We can obtain the zNear and zFar depth range values directly from our Projection matrix with some algebra. Using column-major matrix convention, the projection matrix looks like the below image(hotlinked without permission):

matrices

We extract the two matrix values containing zNear and zFar into p10 and p11 and do some algebra to express ndcDepth in terms of p10 and p11:

p10 = (zF+zN) / (zN-zF)
p11 = (2*zF*zN) / (zN-zF)
ndcDepth = [ (zF+zN) + (2*zF*zN)/eyeHitZ ] / (zF-zN)

Recognizing that (zF-zN) = -(zN-zF), we can extract a common denominator:

-1 * ndcDepth = [ (zF+zN) + (2*zF*zN)/eyeHitZ ] / (zN-zF)
ndcDepth = -[ (zF+zN) + (2*zF*zN)/eyeHitZ ] / (zN-zF)

Separating terms:

ndcDepth = -[ (zF+zN)/(zN-zF) + ((2*zF*zN)/eyeHitZ)/(zN-zF) ]
ndcDepth = -(zF+zN)/(zN-zF) + -((2*zF*zN)/eyeHitZ)/(zN-zF)

The first term is exactly p10, so we can sub that right in:

ndcDepth = -p10 + -((2*zF*zN)/eyeHitZ)/(zN-zF)

We can extract the eyeHitZ term:

ndcDepth = -p10 + (1/eyeHitZ) * -(2*zF*zN)/(zN-zF)

And happily, we have an exact match for the p11 term:

ndcDepth = -p10 + (1/eyeHitZ) * -p11

Finally:

float p10 = prmtx[2].z;
float p11 = prmtx[3].z;
float ndcDepth = -p10 + -p11 / eyeHitZ;

The working code can be seen in action here.

Working Example

tex06twice

In the opengl-with-luajit sandbox on Bitbucket, I’ve put together a simple example of a hybrid scene combining the 2 rendering types into a coherent output image. The raymarched scene renders first to color and depth buffers, then the rasterized scene renders into the same buffers. The objects in each scene appear to occupy the same space consistently, with nearer objects occluding farther ones.

But does it work in VR?

When implemented correctly it does! Just drop the lua source files from opengl-with-luajit into the lua directory in riftskel. My first attempts at this tried to deconstruct the projection matrix into its constituent components of FOV, aspect ratio and stereo separation, then pass those in as uniforms. From there, attempting to reconstruct the appropriate off-axis projection matrix in shader proved a bit too difficult for me to debug. While I banged my head on this for a couple weeks, a forum post serendipitously appeared, solving all my problems by using the invsrse function in GLSL. Thanks again, Brad Davis!

How does it perform?

Not that I worry too much about it, but a matrix inversion is a somewhat expensive operation that must be performed per-frame. It is called from the fragment shader, does this mean that each invocation of the shader performs the calculation anew?

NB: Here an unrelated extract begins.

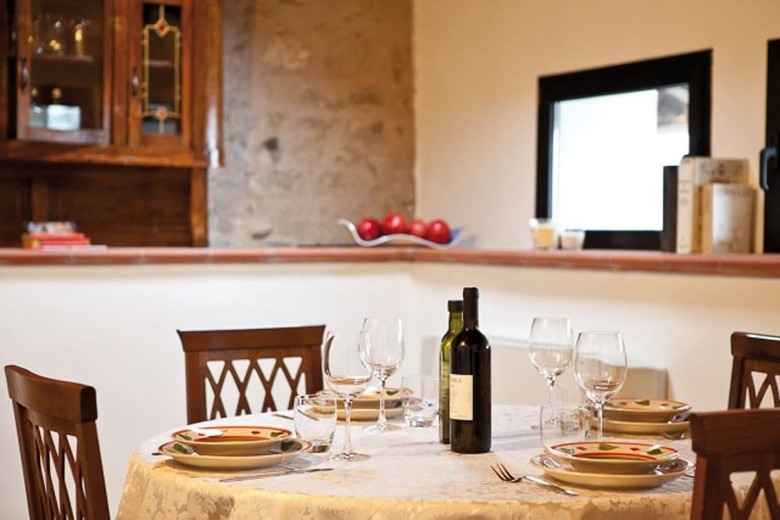Apartamento Residence Castello Oldofredi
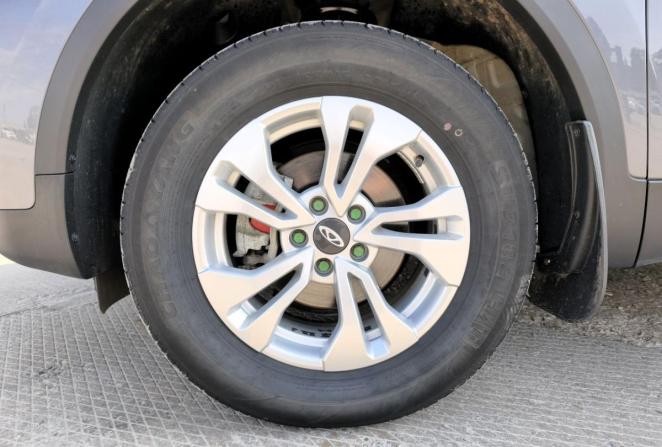 Chery Tiggo 4 Pro I Рестайлинг с пробегом 2024 года, цена 1 590 000 рублей, 45773 км, внедорожник, Автокод Объявления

This seems wasteful, if only from a power usage standpoint - in a perfect scenario, the same calculation would be done hundreds of times in parallel, all to arrive at the same result. Assuming it took the same amount of time, it still cost hundreds of times as much power. Plus, the CPU likely operates at a higher frequency and has all kinds of re-ordering capability, so my guess is that the inverse is calculated CPU-side on shader launch by the driver for any shader which is flagged as using the inverse function.

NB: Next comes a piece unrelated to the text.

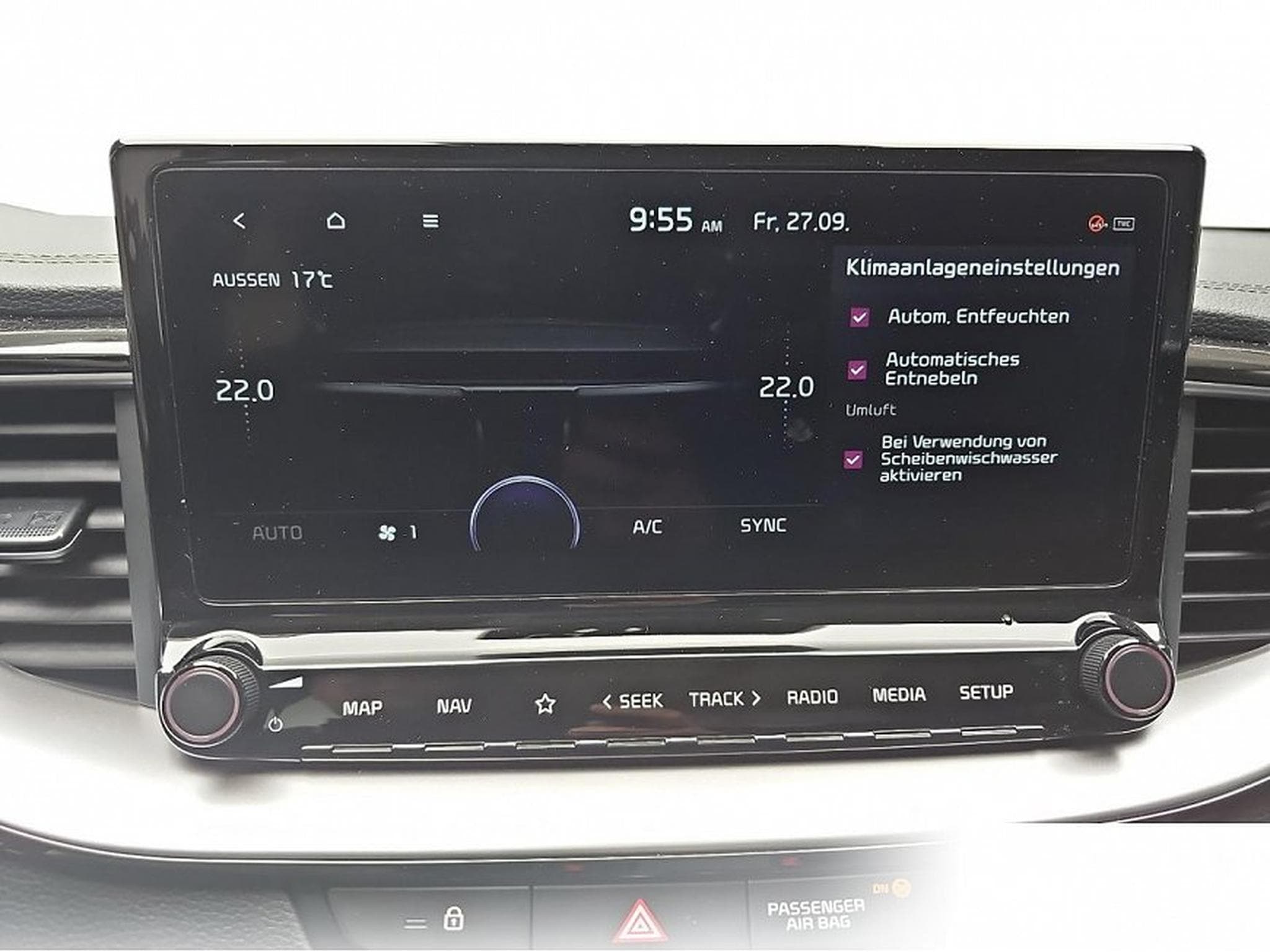Kia Ceed (2026) - Foto 10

So what do we do with all this?

One application I can think of right now is using the raster pipeline for really tight culling of fragments(pixels) by drawing 3D bounding geometry as “imposters” and calling the expensive raymarching frag shaders only on those pixels we know will be seen.

Unfortunately, all the perfect reflections and refractions that ray-based techniques allow will not “see” the raster geometry we write into the scene(without rendering a cubemap for each reflection point). We could make a game or something with raster objects flying around inside some awesome fractal level geometry, made and stored very cheaply by just a few lines of shader code.

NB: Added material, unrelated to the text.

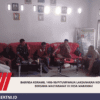 Babinsa Koramil 1406-10/Pitumpanua Laksanakan Komsos Bersama Masyarakat di Desa Marannu
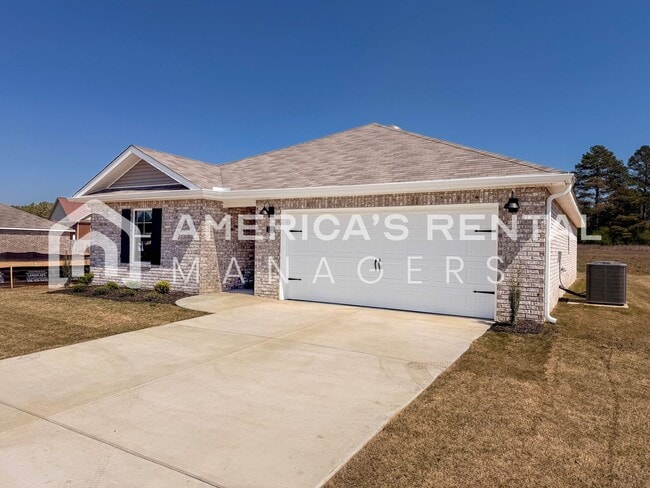 Photo - New Construction Home for Rent!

I suspect that there will be some very cool applications discovered in the coming years. There seems to be something of a graphics renaissance happening with developers like paniq and Timothy Lottes at the forefront. They are designing simpler, more efficient techniques that are aimed squarely at exploiting the GPU’s exceptional strengths without paying a high software complexity cost. With features like indirect rendering and compute shaders, maybe it’s not too far-fetched to imagine a world of GPUs frolicking across the countryside, naked and innocent and free from the tyranny of their masters.